***** DATA PROVIDED *****

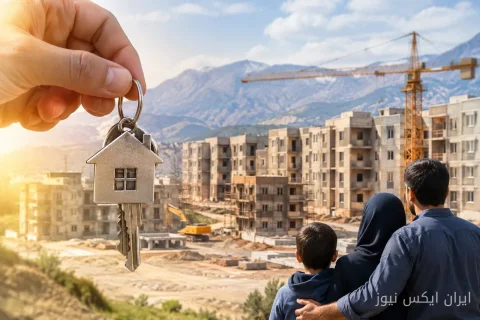 صدور پروانه ساختمانی در سایت ۲۴ هکتاری مسکن گنبدکاووس به زودی!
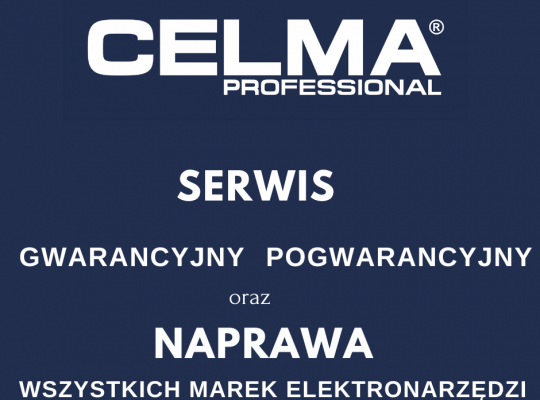 Naprawa elektronarzędzi wszystkich marek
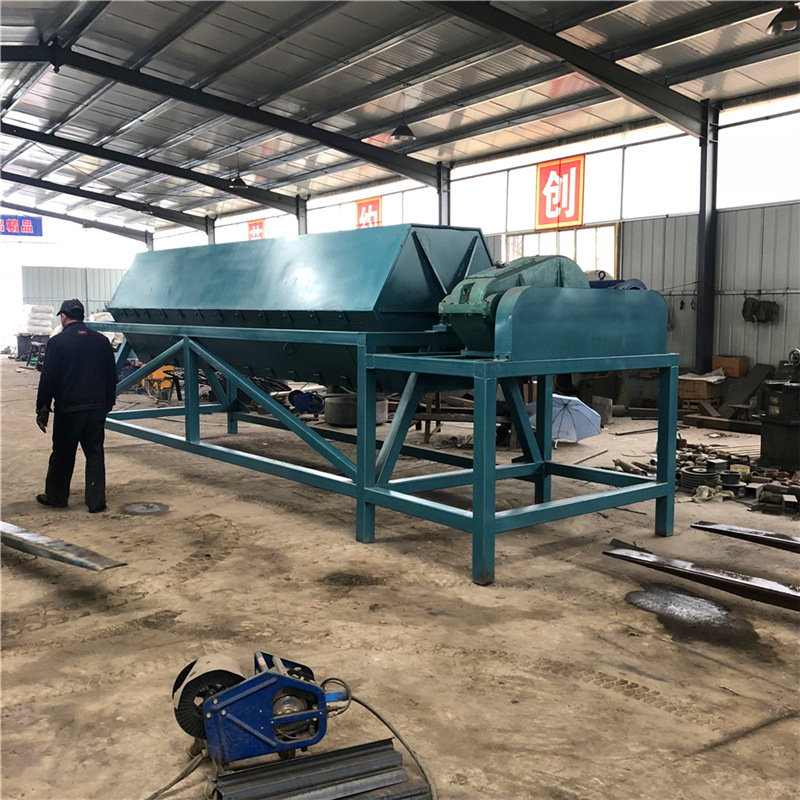 六角滚筒抛光机五金件干磨去毛刺机生产厂家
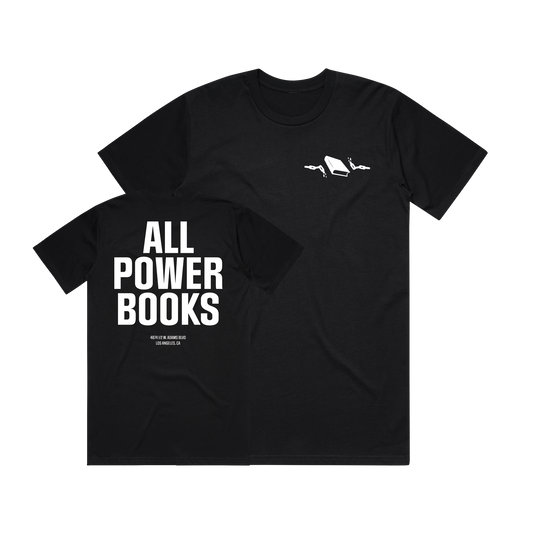All Power Books Shirt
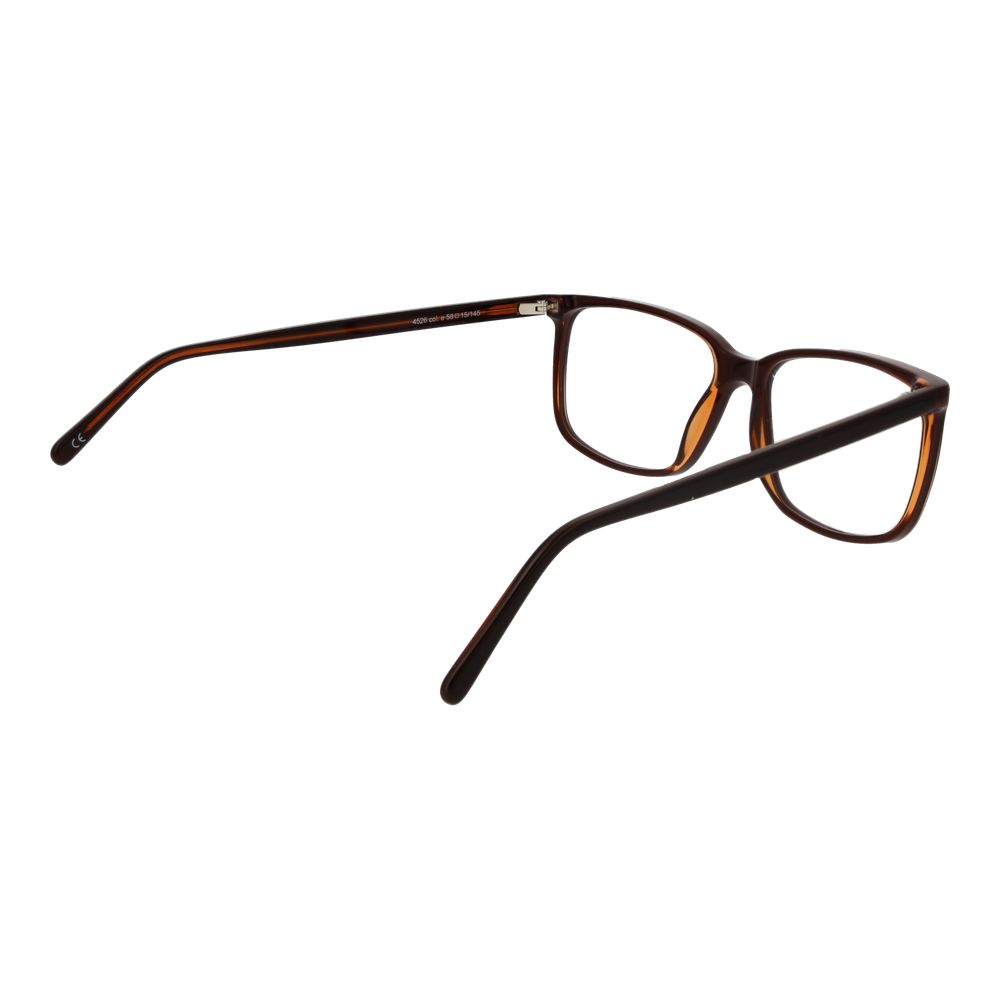 Brown Unisex Optical Frames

*****

→ WHAT THE TASK ASKS: Give back exactly the lines from the line with "Naprawa elektronarzędzi wszystkich marek" through the end of the records, both included; keep all pictures out.

→ TASK OUTPUT:
 Naprawa elektronarzędzi wszystkich marek
 六角滚筒抛光机五金件干磨去毛刺机生产厂家
All Power Books Shirt
 Brown Unisex Optical Frames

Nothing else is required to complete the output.